Como já discutido neste estudo, a Organização das Nações Unidas foi criada em substituição a “Liga das Nações” com o papel de evitar a repetição das atrocidades vividas nas Primeira e Segunda Guerras Mundiais. Um órgão dotado de autonomia e respeito internacional, buscando sempre o estabelecimento da paz e da harmonia entre nações.

A discussão neste Capítulo trás a baila uma analise dos Capítulos Seis e Sete da Carta das Nações Unidas e a necessidade de uma reformulação e integração de um novo Capítulo, chamado por muitos de “Seis e Meio”.

O Capitulo VI dispõe sobre a Diplomacia preventiva, ou seja, prevenção do surgimento de disputas entre estados, ou ainda no interior de algum, visando evitar a deflagração de conflitos armados. Ditando sobre a (promoção da paz, peacemaking), que são ações diplomáticas empreendidas após o inicio do conflito, que visam à negociação entre as partes a fim de suspender as hostilidades.

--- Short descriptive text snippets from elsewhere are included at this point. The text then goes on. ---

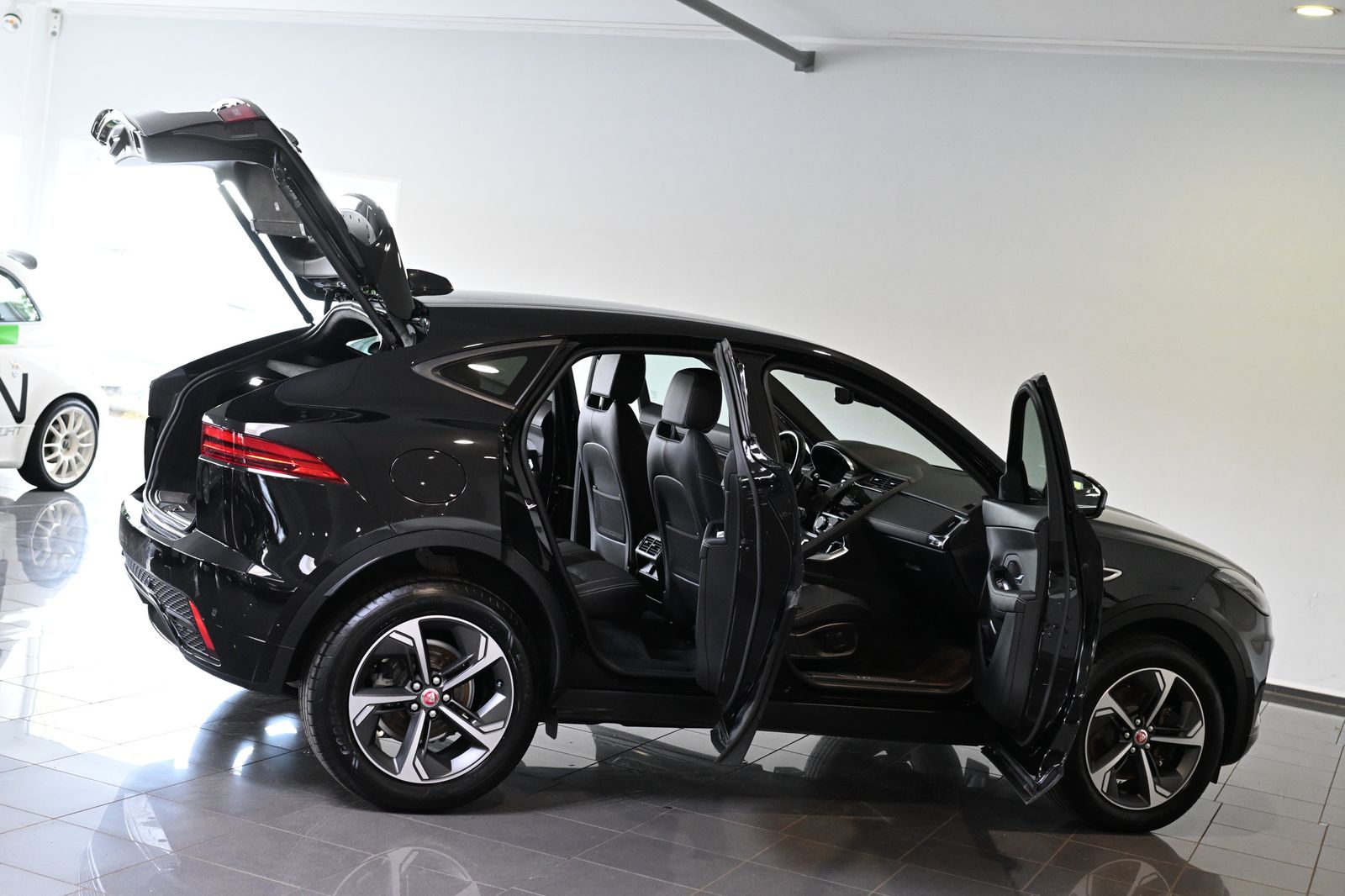 Jaguar E-PACE D163 R-Dynamic SE AWD Leder ACC 19"
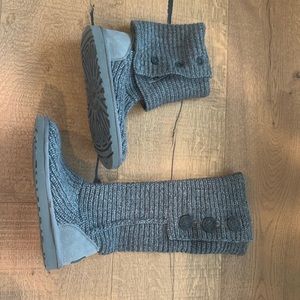 UGG CLASSIC CARDY BOOT: SIZE 8; GRAY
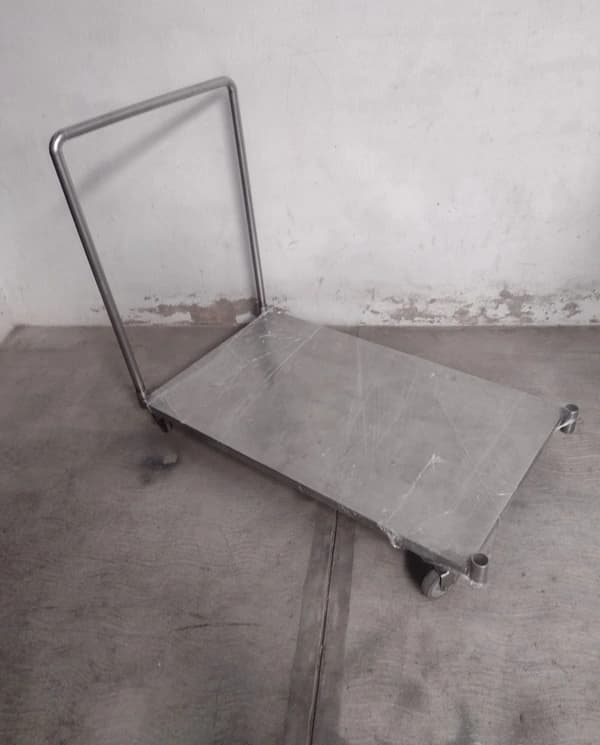Plataforma rodante de acero inoxidable 71 × 122 × 109 cm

Por outro lado, o Capítulo VII visa impor a paz (Peace-enforcement). Seriam operações com inclusão de utilização de forças armadas para restaurar a paz e segurança internacionais.

Porém a partir do término da Segunda Guerra Mundial os tipos de conflito mudaram muito, nas últimas décadas nos deparamos com inúmeros confrontos principalmente internos aos Estados. Estes pediam a intervenção internacional, tendo em vista que em sua grande maioria ou na quase totalidade violavam os Direitos e a Dignidade Humana.

Surgiu então a questão da necessidade de um novo tipo de intervenção, nem prevista no Capitulo VI muito menos no VII. Está não seria apenas fundamentada em ações diplomáticas (Capitulo VI) ou em operações na totalidade militares (Capitulo VII).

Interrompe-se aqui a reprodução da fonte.